== WHAT NEEDS TO BE DONE ==
Which lines run from the one with "9ct Yellow Gold Ruby Dress Ring" through the end of the data? Retype them exactly, without pictures.

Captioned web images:
....
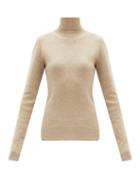 Matchesfashion.com Gabriela Hearst - Myers Cashmere-blend Roll-neck Sweater - Womens - Beige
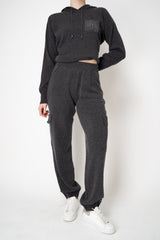 Peserico Wool Knitted Cargo Joggers in Charcoal Vancouver. Shop Online or in Store.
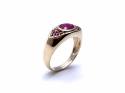 9ct Yellow Gold Ruby Dress Ring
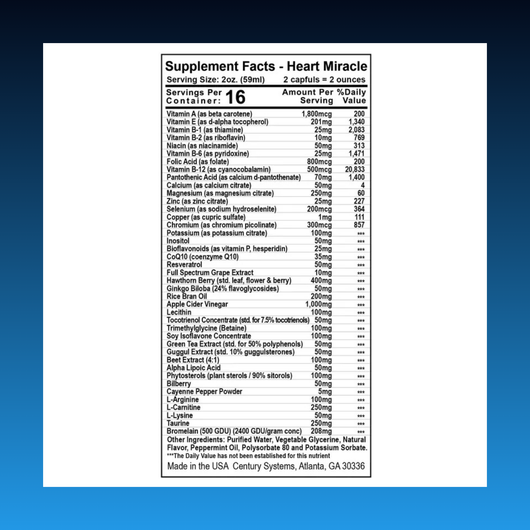 Nutritional Supplement for Heart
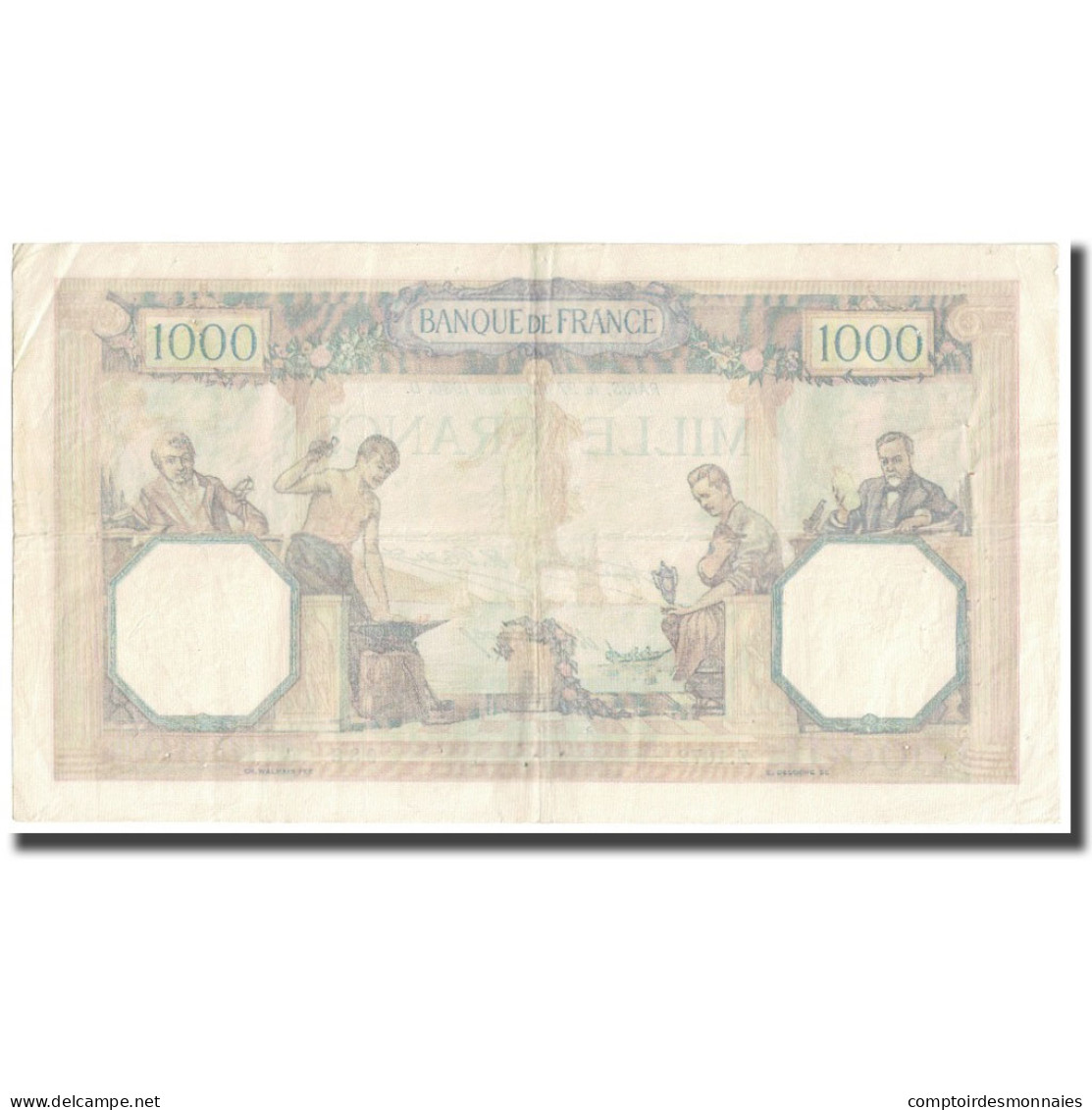 France, 1000 Francs, Cérès Et Mercure, L.1930, P. Rousseau And R. Favre-Gilly - 1 000 F 1927-1940 ''Cérès Et Mercure''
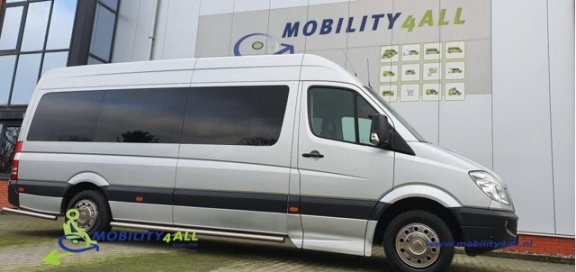 Mercedes-Benz Sprinter - LUXE* L3 9-P Rolstoelbus 2 keer AC - 1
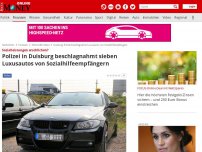 Bild zum Artikel: Sozialleistungen erschlichen? - Polizei in Duisburg beschlagnahmt sieben Luxusautos von Sozialhilfeempfängern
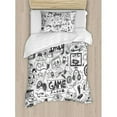 thumbnail image 3 of Ambesonne Video Games Duvet Cover Set, 3 of 3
....
== RESPONSE TO THIS EXERCISE ==
 9ct Yellow Gold Ruby Dress Ring
 Nutritional Supplement for Heart
 France, 1000 Francs, Cérès Et Mercure, L.1930, P. Rousseau And R. Favre-Gilly - 1 000 F 1927-1940 ''Cérès Et Mercure''
 Mercedes-Benz Sprinter - LUXE* L3 9-P Rolstoelbus 2 keer AC - 1
 Bild zum Artikel: Sozialleistungen erschlichen? - Polizei in Duisburg beschlagnahmt sieben Luxusautos von Sozialhilfeempfängern
 thumbnail image 3 of Ambesonne Video Games Duvet Cover Set, 3 of 3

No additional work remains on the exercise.